TASK TO CARRY OUT ::
Copy out each line of the entries where the word "Patient" is present.

*** INPUT DATA ***

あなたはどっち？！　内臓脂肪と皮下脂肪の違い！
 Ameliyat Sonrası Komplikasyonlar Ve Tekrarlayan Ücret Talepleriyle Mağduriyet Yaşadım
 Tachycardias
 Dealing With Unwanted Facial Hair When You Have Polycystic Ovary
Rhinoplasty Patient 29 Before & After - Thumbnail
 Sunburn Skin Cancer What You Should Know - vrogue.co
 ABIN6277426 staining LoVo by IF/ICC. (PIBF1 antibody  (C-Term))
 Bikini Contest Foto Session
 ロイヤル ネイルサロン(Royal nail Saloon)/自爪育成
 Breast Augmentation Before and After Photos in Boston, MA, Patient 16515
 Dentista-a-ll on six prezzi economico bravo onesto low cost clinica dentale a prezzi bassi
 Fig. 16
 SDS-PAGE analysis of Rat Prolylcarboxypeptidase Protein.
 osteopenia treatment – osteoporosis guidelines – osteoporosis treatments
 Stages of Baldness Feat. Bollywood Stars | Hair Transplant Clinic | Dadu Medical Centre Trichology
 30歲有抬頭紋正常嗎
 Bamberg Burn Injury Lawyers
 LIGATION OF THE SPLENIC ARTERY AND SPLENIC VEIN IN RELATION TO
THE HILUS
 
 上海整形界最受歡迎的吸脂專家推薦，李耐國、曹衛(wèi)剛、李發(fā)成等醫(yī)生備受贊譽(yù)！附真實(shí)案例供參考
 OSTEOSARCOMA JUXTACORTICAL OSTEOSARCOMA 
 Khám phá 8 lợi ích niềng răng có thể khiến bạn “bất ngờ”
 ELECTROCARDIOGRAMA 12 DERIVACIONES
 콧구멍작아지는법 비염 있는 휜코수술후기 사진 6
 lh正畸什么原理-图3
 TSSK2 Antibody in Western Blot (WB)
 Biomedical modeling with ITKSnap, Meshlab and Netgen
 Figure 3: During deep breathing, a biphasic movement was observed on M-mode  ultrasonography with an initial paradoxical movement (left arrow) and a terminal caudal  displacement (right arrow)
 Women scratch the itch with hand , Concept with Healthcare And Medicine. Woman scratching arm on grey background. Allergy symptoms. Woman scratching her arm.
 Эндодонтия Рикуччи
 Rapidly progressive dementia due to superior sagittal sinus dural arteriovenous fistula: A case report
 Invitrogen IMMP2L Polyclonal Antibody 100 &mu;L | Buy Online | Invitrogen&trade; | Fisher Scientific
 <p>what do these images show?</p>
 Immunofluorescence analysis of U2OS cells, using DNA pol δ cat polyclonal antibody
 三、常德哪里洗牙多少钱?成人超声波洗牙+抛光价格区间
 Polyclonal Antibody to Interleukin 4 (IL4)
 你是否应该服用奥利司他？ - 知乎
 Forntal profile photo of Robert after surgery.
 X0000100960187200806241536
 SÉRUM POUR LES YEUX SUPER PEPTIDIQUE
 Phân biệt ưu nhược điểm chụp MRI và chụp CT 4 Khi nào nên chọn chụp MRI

*** End of INPUT DATA ***

RESPONSE TO THE TASK ::
Rhinoplasty Patient 29 Before & After - Thumbnail
 Breast Augmentation Before and After Photos in Boston, MA, Patient 16515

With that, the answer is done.